Las sensaciones experimentadas pueden entenderse con una analogía, imagine que transita por una carretera a gran velocidad, un camión enorme se abalanza en sentido contrario, imposible eludirlo, en un segundo comprende que la colisión va a ser fatal. Entonces el cerebro manda desesperadas señales de supervivencia, una fortísima descarga de adrenalina que afinan sus sentidos para rápidas reacciones de escape, su corazón se acelera mandando sangre y oxígeno a sus miembros, la transpiración lo baña para enfriar la piel recalentada por la explosiva actividad interior, y para que se torne resbalosa por si debe escurrirse, la visión periférica desaparece, el miedo maneja todo el organismo pues es la clave de la supervivencia, la reacción básica de un animal frente a un peligro mortal.

Ahora, quite la carretera, el camión, el accidente, esta fuera de todo peligro, en un ámbito normal, pero experimenta repentinamente todas esas sensaciones.

Eso es un Ataque de Pánico.

La persona queda resentida, aparecen todo tipo de fobias, la más común es el miedo a salir de la casa, se encierra voluntariamente. Si bien el episodio no se repite con frecuencia, el temor a sufrirlo nuevamente es muy fuerte, tanto como el ataque en si mismo. Lo cual en muchos aspectos es invalidante.
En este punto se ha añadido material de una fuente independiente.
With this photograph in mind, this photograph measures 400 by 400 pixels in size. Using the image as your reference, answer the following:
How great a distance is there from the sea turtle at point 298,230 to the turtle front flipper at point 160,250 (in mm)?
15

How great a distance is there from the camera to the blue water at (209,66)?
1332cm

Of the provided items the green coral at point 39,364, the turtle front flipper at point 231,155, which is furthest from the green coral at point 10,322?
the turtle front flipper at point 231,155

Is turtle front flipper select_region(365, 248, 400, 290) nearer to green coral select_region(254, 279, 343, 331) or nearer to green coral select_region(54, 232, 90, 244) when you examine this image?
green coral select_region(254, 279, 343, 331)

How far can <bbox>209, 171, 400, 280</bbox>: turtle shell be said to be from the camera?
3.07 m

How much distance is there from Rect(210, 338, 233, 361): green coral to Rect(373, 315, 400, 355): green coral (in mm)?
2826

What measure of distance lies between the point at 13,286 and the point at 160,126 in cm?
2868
Quien esta afectado intenta usar la lógica, entiende perfectamente que no existe en ese momento un peligro real, pero es difícil, si no imposible, razonar ante las reacciones intuitivas del animal que mora en el inconsciente humano.
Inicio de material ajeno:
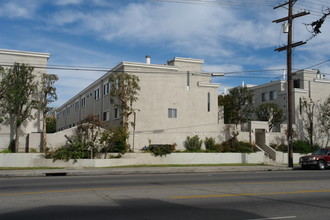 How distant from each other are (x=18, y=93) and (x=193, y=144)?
55.4 ft

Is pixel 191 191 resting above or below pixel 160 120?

Con el tiempo, alguna estrella de Hollywood declaró sufrir de Ataques de Pánico, inmediatamente y para no ser menos se sumaron otras, y ese estado alterado se puso de moda, dejo de ser vergüenza.

Se estudió los posibles desencadenantes tanto en psiquiatría como en neurología, pero no se pudo hallar un patrón. Ni drogas, ni alcohol, ni infancias desdichadas, ni clases sociales, nada era compartido en los distintos casos. Sólo sucede aleatoriamente.

Lo que si se descubrió que la mayoría de los casos eran trastornos de ansiedad, no verdaderos ataques de pánico.

Hoy en día los tratamientos suelen ser efectivos, especialmente los que utilizan temporalmente químicos que frenan los falsos avisos de alarma en el cerebro. Las terapias también se apoyan en la utilización de medicamentos.

En la mayoría de los afectados desaparece, aunque no del todo, íntimamente existe el temor a que se repita.

La palabra pánico deriva de la deidad menor Pan, quien, cuando era molestado en su descanso por algún humano distraído que paseaba por su territorio lanzaba un repentino y horripilante alarido, que aterrorizaba de tal modo al desprevenido mortal que este emprendía una enloquecida carrera, presa de un terror indescriptible, un terror en su más pura y salvaje expresión, causada por sólo un grito, por nada. Siempre en las leyendas se encuentran realidades.